No wonder sleep is elusive. With nightmares like that, who would willingly wander into the land of care bears, angels, and the empty promise of good dreams?
And for someone who has always been a deeply hopeful person, I can’t seem to feel completely hopeful—even though a deep part of me still has hope.
Does that even make sense? If you’re anything like me, it does. The exhaustion many of us feel doesn’t seem physical. It feels collective.
It’s as if we’re trying to heal ourselves while carrying new levels of fear, uncertainty, division, injustice, and over-stimulation that our nervous systems were never designed to absorb.
Before we even finish our morning coffee, we’re trying to process wars, disasters, political chaos, economic stress, climate anxiety, aging parents, our own health concerns, and the heartbreak of watching vulnerable communities fight simply to be seen, heard, protected, and represented.
And through it all, we expect ourselves to function normally.
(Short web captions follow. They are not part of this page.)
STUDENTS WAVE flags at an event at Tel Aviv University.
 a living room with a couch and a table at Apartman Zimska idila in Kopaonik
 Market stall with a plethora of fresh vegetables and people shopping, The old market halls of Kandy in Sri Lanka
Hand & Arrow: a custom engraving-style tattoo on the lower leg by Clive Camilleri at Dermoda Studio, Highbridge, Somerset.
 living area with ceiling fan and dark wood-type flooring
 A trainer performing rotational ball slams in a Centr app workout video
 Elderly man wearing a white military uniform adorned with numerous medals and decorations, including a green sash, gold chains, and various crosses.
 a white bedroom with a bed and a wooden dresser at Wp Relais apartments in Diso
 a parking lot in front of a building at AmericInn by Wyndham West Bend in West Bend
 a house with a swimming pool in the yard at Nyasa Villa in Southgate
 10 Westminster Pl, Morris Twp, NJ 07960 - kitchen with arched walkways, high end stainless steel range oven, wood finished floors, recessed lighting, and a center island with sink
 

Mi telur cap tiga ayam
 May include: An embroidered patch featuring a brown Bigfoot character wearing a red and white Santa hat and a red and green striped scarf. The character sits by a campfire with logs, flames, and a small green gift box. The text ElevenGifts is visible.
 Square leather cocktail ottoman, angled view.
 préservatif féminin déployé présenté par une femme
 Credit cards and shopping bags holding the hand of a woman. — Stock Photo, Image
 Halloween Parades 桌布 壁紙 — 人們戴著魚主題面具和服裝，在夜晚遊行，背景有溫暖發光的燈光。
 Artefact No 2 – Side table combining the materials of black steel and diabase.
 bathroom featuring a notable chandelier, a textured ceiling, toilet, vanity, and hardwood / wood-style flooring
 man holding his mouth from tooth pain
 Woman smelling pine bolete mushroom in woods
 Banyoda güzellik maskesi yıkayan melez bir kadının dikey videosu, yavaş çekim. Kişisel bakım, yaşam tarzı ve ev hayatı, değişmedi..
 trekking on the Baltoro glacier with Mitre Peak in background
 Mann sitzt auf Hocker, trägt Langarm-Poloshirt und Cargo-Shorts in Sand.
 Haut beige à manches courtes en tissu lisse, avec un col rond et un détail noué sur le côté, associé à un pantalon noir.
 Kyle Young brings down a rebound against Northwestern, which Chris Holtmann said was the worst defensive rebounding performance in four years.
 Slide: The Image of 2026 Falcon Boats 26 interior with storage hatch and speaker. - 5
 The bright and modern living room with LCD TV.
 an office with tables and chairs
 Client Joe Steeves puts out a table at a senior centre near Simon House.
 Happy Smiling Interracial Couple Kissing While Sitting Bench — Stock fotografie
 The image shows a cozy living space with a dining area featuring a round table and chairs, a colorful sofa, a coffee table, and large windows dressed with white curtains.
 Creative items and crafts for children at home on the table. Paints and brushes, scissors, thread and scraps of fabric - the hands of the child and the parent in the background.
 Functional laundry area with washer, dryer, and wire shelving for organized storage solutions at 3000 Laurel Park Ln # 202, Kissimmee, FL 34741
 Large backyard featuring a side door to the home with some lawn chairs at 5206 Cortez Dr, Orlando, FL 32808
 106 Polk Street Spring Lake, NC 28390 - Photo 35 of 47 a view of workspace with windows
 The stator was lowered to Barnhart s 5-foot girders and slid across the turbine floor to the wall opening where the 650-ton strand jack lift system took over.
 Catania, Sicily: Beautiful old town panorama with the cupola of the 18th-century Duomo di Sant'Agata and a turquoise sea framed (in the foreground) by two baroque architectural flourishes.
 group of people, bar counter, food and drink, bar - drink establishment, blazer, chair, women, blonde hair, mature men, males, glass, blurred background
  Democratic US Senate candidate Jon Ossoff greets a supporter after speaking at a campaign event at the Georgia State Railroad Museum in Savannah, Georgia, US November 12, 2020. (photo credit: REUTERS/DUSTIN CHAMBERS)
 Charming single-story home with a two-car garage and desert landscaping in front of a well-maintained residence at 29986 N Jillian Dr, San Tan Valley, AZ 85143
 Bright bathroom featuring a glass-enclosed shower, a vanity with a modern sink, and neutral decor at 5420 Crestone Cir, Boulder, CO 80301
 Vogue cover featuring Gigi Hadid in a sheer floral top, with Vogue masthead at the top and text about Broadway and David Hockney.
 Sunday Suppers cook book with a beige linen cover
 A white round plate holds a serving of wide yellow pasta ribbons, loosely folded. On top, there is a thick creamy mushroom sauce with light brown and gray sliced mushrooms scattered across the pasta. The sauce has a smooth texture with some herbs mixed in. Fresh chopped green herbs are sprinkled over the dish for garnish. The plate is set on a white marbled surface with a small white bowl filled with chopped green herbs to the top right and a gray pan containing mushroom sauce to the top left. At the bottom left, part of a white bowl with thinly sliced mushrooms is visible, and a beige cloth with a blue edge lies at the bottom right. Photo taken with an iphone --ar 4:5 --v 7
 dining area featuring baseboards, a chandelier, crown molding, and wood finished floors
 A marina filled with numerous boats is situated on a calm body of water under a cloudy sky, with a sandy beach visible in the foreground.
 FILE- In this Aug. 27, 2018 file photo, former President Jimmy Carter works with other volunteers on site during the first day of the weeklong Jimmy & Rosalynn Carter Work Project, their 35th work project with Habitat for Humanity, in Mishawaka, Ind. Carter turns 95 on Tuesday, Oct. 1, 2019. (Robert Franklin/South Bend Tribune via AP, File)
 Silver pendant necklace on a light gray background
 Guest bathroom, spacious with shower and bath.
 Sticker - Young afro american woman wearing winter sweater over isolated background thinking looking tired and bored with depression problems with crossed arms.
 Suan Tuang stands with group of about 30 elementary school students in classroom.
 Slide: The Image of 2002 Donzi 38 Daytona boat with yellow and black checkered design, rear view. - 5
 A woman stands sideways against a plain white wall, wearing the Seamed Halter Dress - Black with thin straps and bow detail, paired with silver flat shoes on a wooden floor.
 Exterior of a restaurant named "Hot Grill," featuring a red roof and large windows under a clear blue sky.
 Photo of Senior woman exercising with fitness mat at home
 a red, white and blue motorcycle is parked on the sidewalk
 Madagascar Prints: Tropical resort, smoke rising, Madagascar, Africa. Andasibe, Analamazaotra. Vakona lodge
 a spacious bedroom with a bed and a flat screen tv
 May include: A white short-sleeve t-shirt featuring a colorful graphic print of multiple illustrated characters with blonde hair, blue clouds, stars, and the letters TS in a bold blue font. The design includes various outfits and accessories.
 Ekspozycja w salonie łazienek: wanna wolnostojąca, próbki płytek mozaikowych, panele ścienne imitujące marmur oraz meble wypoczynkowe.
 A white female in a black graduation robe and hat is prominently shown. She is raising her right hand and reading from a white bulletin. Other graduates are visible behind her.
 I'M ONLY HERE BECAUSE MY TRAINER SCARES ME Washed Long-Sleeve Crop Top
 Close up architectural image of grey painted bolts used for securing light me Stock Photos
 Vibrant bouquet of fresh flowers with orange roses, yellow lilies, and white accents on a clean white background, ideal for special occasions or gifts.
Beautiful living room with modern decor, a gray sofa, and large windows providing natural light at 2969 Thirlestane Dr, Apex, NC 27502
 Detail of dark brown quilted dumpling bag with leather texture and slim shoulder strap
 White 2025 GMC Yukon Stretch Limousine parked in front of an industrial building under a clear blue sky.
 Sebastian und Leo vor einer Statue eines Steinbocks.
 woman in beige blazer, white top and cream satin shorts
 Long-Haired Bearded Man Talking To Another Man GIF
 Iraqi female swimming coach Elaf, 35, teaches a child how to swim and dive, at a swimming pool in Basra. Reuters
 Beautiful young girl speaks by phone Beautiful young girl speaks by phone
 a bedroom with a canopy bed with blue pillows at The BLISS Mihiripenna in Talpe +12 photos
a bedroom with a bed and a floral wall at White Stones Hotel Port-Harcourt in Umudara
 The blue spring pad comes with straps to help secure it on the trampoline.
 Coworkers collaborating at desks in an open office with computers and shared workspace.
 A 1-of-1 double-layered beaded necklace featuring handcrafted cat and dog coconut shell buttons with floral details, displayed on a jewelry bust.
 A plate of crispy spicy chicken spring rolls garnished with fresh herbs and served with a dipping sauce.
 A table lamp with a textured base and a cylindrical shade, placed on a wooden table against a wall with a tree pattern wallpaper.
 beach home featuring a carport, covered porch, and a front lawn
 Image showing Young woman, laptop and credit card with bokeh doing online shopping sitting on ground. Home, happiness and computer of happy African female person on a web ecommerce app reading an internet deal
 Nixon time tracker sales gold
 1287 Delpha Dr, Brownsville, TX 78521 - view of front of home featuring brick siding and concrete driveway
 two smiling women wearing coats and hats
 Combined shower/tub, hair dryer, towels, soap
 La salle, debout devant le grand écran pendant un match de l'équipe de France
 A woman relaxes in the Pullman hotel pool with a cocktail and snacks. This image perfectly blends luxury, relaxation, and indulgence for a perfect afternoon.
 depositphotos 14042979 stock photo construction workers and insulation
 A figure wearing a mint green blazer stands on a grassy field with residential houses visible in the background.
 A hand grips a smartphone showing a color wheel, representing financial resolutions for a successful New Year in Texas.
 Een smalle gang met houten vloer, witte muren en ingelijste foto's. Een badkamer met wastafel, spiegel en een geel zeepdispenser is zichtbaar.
We still attend classes, travel, answer emails, drive our children to activities, make dinner, smile politely, keep up with our endless to-do lists, and somehow anchor ourselves in moments of gratitude, joy, light, and positivity.
Sometimes I wonder if what we call “burnout” is something deeper. Maybe it’s emotional overload from simply being aware. The dichotomy is that many of us are trying to ground and heal while all of this is happening.
We meditate.
Breathe deeply.
Visualize.
Create.
Say affirmations.
Exercise.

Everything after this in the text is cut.